/Intelligent-public-web-data-extraction

Imperial College London Advanced Data Science Team - Intelligent public web data extraction project with Refinitiv

Primary LanguageJupyter Notebook

Intelligent-public-web-data-extraction

Imperial College London Advanced Data Science Team - Intelligent public web data extraction project with Refinitiv

To run the spider first clone the repository:

git clone https://github.com/jakobtorben/Intelligent-public-web-data-extraction
cd ManWebScraper

to run the HSBC crawler run the command

scrapy crawl extract_board -o HSBC_board.csv

Similarly for Unilever

scrapy crawl Unilever_board -o Unilever_board.csv

Abstract Syntax Tree

In the AST folder, the method of using abstract syntax trees to find the difference between parsers is explored. The file parser_diff.py is a similarity checker that has extracted the core functionality of the Python package Pycode_similar.

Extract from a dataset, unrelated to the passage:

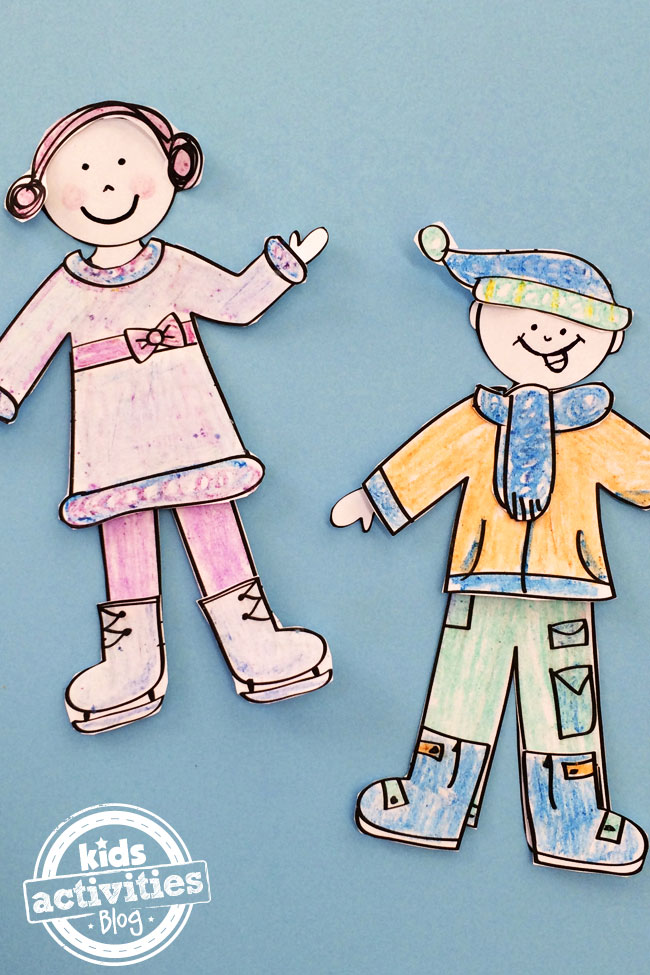 Design your own winter paper doll set kids printable kids activities blog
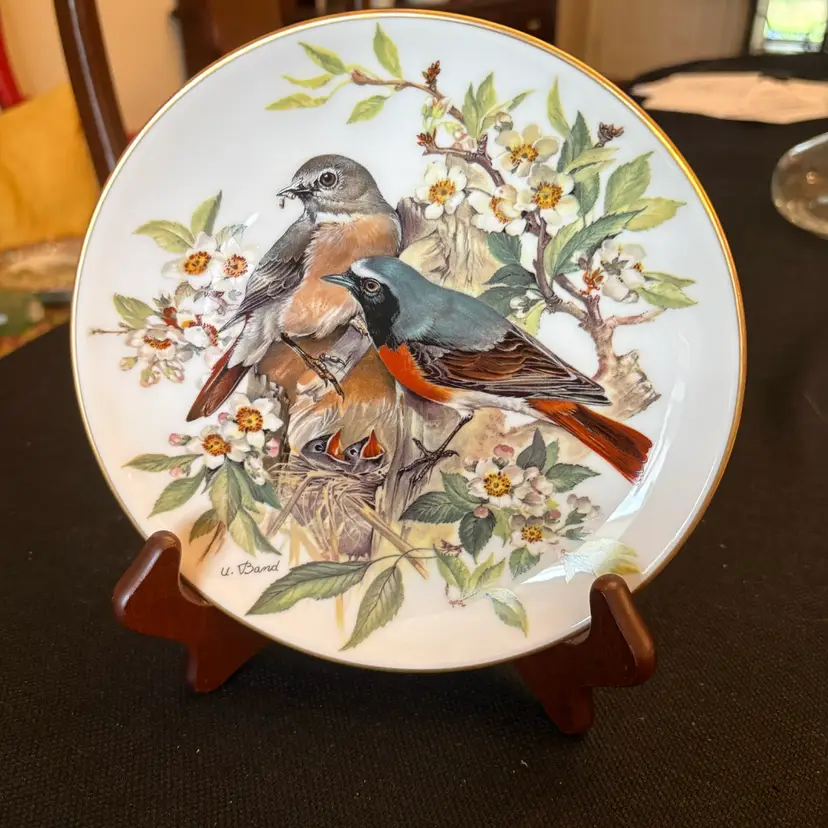 1986 Ursula Band Songbirds of Europe Collector Plate Redstart Gartenrotschwanz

It includes two methods to calculate the similarity between two functions:

  • UnifiedDiff: Finds the difference in nodes after normalising the function's nodes.
  • TreeDiff: Uses the package zss.distance to find the distance between two ordered trees, which is considered to be the weighted number of edit operations to transform one tree to another.

At the bottom of the file is an example of how the code can be used to find the similarity.